病房里弥漫着消毒水和药膏混合的独特气味。窗外,雨后的清晨带着湿漉漉的凉意,阳光艰难地穿透薄薄的云层,在光洁的地板上投下几块模糊的光斑。
刘语熙醒来时,浑身依旧酸痛,尤其是手肘和膝盖被纱布包裹的地方,传来阵阵闷痛。点滴已经撤掉,只剩下手背上贴着的输液胶布。病房里很安静,父母大概是去医生办公室或者买早餐了。她侧过头,目光下意识地投向病房门口——那道昨晚无声伫立着湿漉漉阴影的门缝。
那里空空如也。
只有冰冷的门板和门框投下的笔直阴影。
昨晚的一切,像一场光怪陆离的梦。江逸在暴雨中将她抱起时的混乱力量,出租车里他僵硬紧绷的侧影,急诊室他沉默如冰雕的守候,以及最后……门缝外那道无声的、湿冷的轮廓。
他真的来过吗?还是只是她疼痛和疲惫下的幻觉?
刘语熙撑着没受伤的手臂,有些费力地坐起身。身体的酸痛让她忍不住吸了口气。目光落在床头柜上,那里放着父母带来的保温杯、水壶,还有她那个湿透后被擦干、勉强还能用的书包。

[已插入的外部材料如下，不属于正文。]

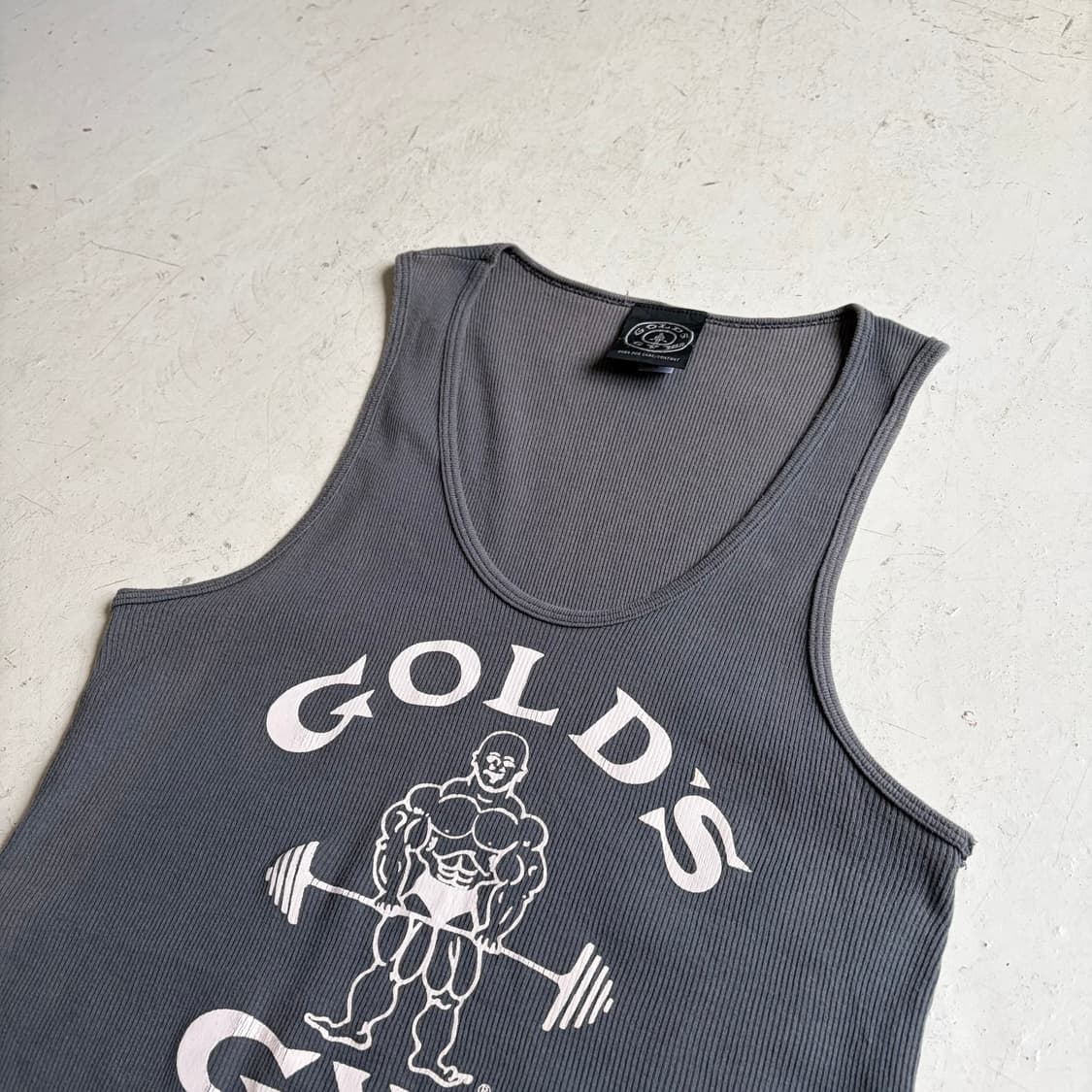 골드짐 빈티지 머슬 슬리브리스 M 상품이미지2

就在她伸手想去拿水杯时,指尖却触碰到一个冰冷、光滑的、方方正正的硬物。
不是她的东西。
她的动作顿住了。
那是一个小小的、深蓝色的塑料药盒。没有任何标签,没有任何生产信息,是最普通、最廉价的那种。它安静地躺在床头柜的边缘,紧挨着她的保温杯,像是被人刻意、又带着一丝不易察觉的谨慎放在那里。
刘语熙的心跳,毫无预兆地漏跳了一拍。
她小心翼翼地拿起那个药盒。塑料外壳冰凉光滑。她犹豫了一下,轻轻打开盒盖。
里面没有说明书。
只有一支崭新的、铝箔封口完好的药膏管。
还有一小卷干净的、未开封的医用纱布。
药膏管是市面上最常见的、用于皮肤擦伤和消炎的软膏牌子。平平无奇。
但就是这份平平无奇,却像一道无声的惊雷,狠狠劈在刘语熙的心上!
**是他!**
只能是江逸!
在她沉睡的时候,在她父母离开的间隙,他像一道沉默的影子,再次潜入了这间病房。没有惊动任何人,没有留下只言片语,只是将这个装着药膏和纱布的廉价药盒,轻轻地、无声地放在了她的床头。
这算什么?
弥补?
赎罪?
还是……一种笨拙到极点、别扭到极点、却又无法完全割舍的……关心?
刘语熙紧紧攥着那个小小的药盒,塑料外壳的冰凉触感却仿佛带着灼人的温度,从指尖一路烫到心底。她想起了那个被他打落在泥水里的崭新医药包,想起了他嘶吼着“别碰我”时的疯狂和绝望,想起了他消失在雨夜中的孤绝背影……也想起了昨晚门缝外那道沉默的、湿漉漉的守护阴影。
习题集的裂痕在书包里沉默。
摔坏的打火机遗落在暴雨的球场。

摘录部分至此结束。